======== DATASET SECTION

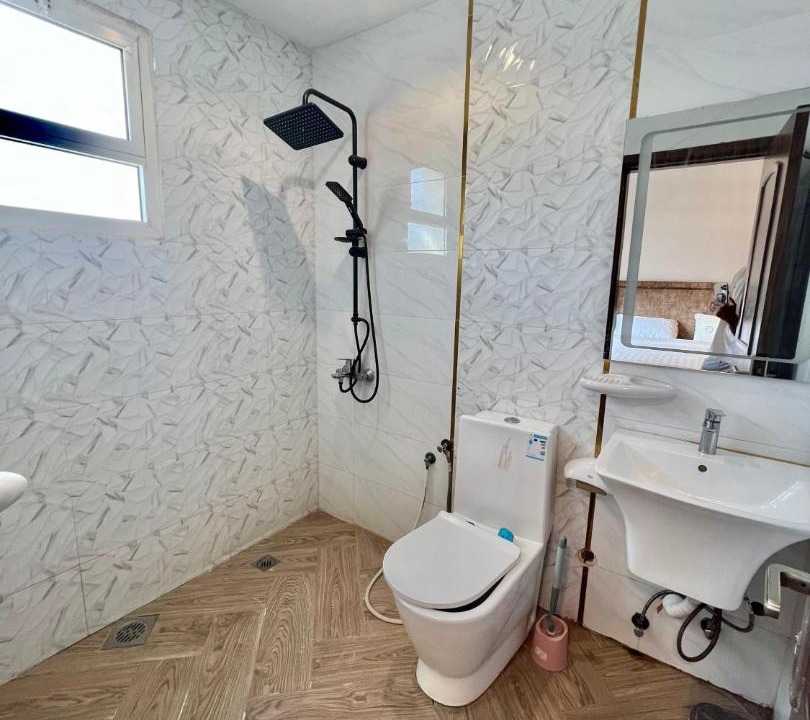 Photo of Bathroom in Durrat Al-Arous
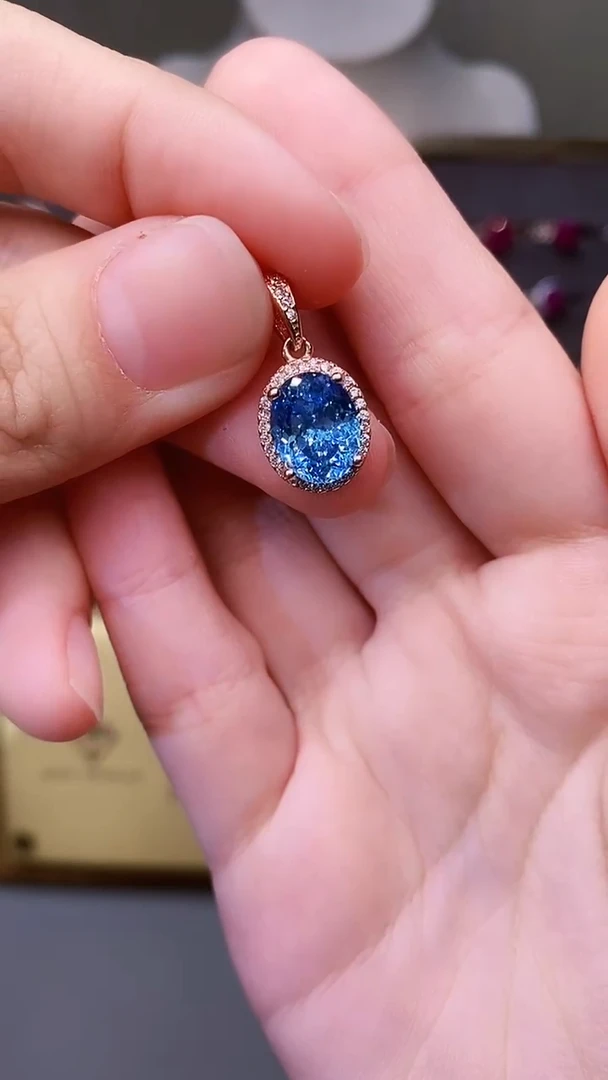 银S925镶嵌颈饰海蓝宝石85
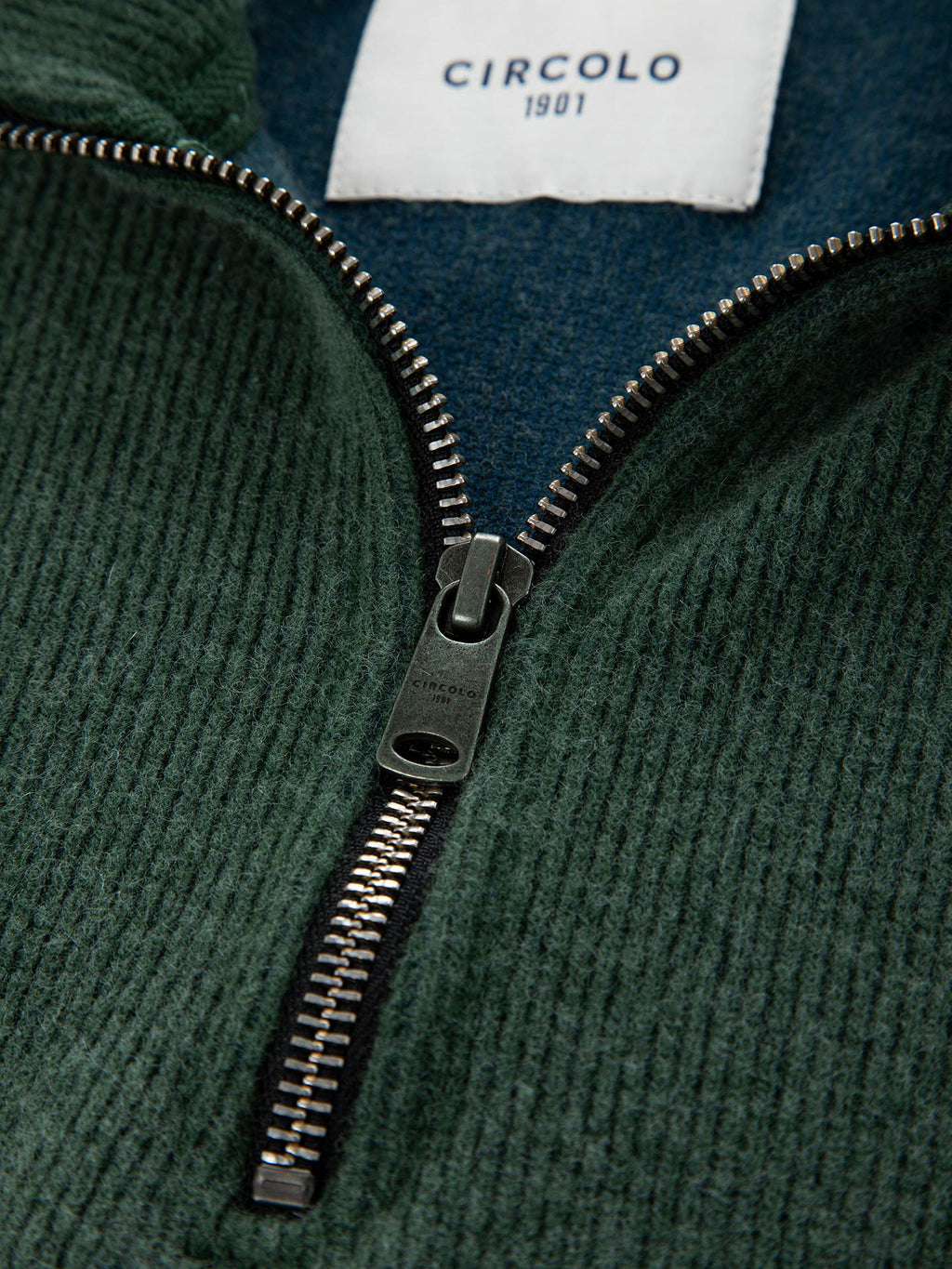 Ribbed turtleneck sweatshirt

================

### PROBLEM TO WORK ON
An exact copy is needed of the lines running from the one with "银S925镶嵌颈饰海蓝宝石85" through the end of the data above, and of those lines only, without pictures.

### ANSWER BELOW
 银S925镶嵌颈饰海蓝宝石85
 Ribbed turtleneck sweatshirt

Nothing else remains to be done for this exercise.